Friday, July 17, 2009

Endurance excitement

For a bit of a change - an endurance training session. “This can’t be too difficult, like a hack in fast trot,” I tell Harry. How wrong can you be?

We arrive at the car park on top of the common and it’s windy, very windy. There have been two pupils before us, with very big horses. The trainer straps a heart rate monitor to each horse, and tells their riders to go off for a play.

Well, their heart rates must have gone sky high! One rider came back without her horse: he had spooked and she’d taken a tumble. The other horse and rider returned safely, but he kept backing rapidly around the car park. A bull terrier with a massive studded breastplate keep erupting from a camper van, making us all jump. And horror, the riderless horse had disappeared on goodness knows how many thousands of acres of common.

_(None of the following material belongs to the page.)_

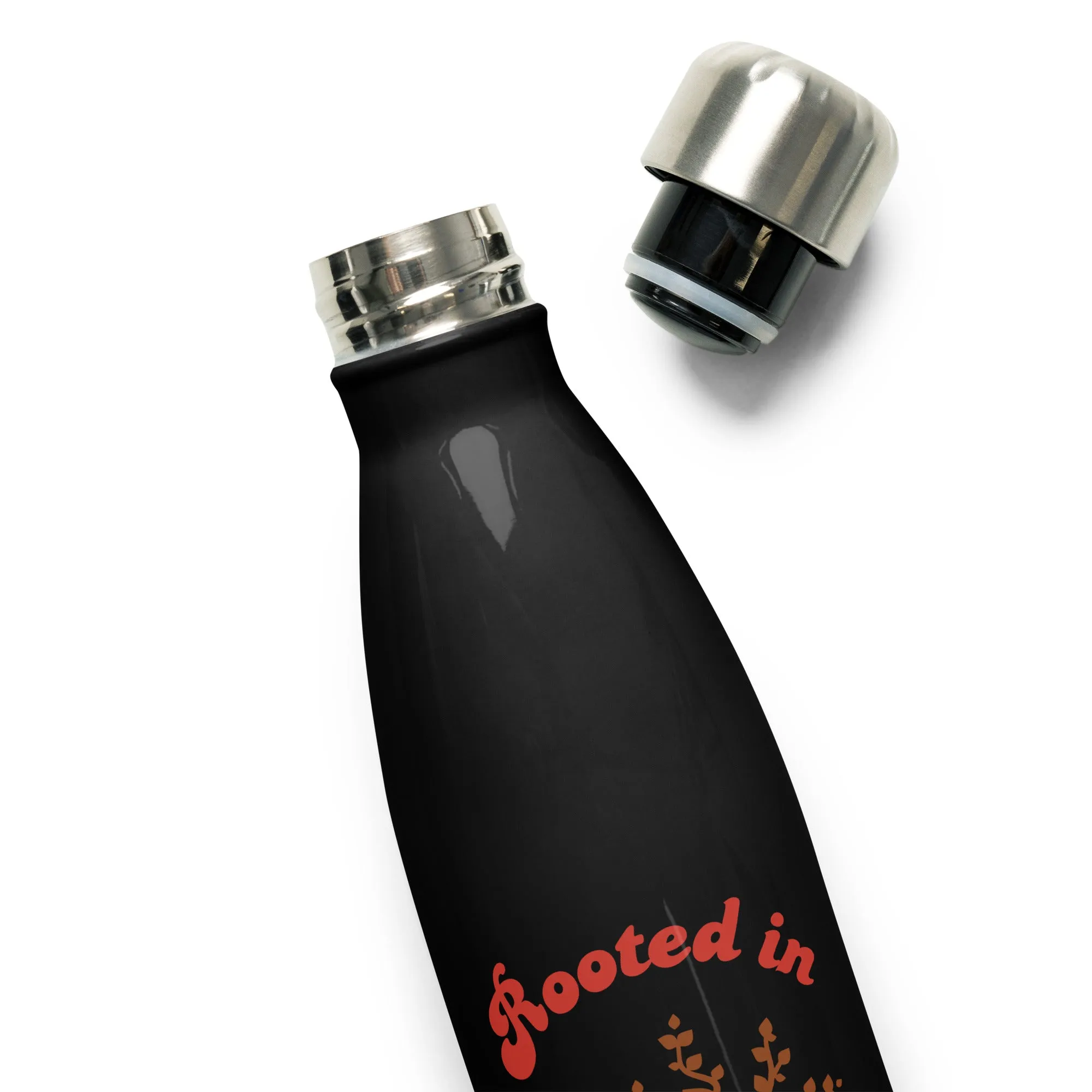 Rooted in Christ Stainless Steel Water Bottle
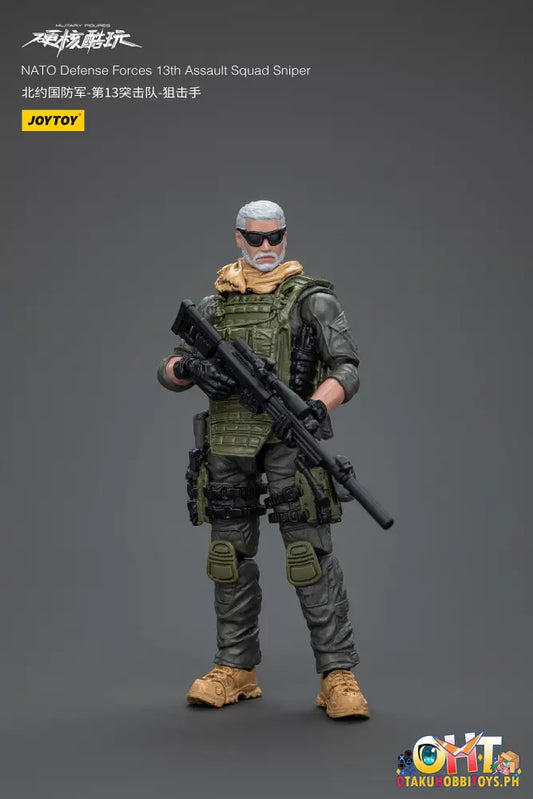 Joytoy Nato Defense Forces 13Th Assault Squad Down Payment / Jt6922 Naro 13Th Sniper Articulated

Harry and I, and Kelly and Alvito (Horse&Rider’s Website Editor and her horse) make a pathetic attempt at finding him, but he’s gone without trace. The trainer and owner finally track him down: he has crossed a really fast road and is halfway home when someone caught and stabled him. Phew, reprieve!

So Kelly and I have a go at endurance, both a bit spooked now, too. Harry stands like a rock while the monitor is strapped on, but his heart rate shoots up – interesting, perhaps he thinks it’s the vet! Alvito leaves the car park and Harry’s heart stays hammering away while we follow them at some distance at a brisk clip.

WHAM! Harry slams the brakes on as a red deer pops out in front of him. Thank goodness, he keeps his head up so I don’t fall of, and we proceed. EEK! Kelly appears at gallop behind us (she must have been on a parallel track) – she has seen a pervert in the bushes!

We proceed together, post haste, and meet up with the trainer, where she shows us how to use ‘slosh bottles’ to cool our horses – so that’s what fabric conditioner bottles are really for! Harry loves this, Alvito doesn’t.

We ride back together to the original car park, calming down quite a bit. We decide it’s not endurance riding that’s scary, just the circumstances that we encountered it in.

We’ll try a 12 endurance mile ride for starters: let’s hope the deer, bull terriers and perverts stay at home.

Friday, July 10, 2009

Harry and the sabre-toothed tiger

Harry is fantastic in traffic. Battered pick-up with rattling trailer spilling all sorts of junk, no problem. Long line of whirring bicycles, no problem. Massive tractor with claw-like attachment, no problem. However, when said claw-like attachment is left on the common, it’s a sabre-toothed tiger!!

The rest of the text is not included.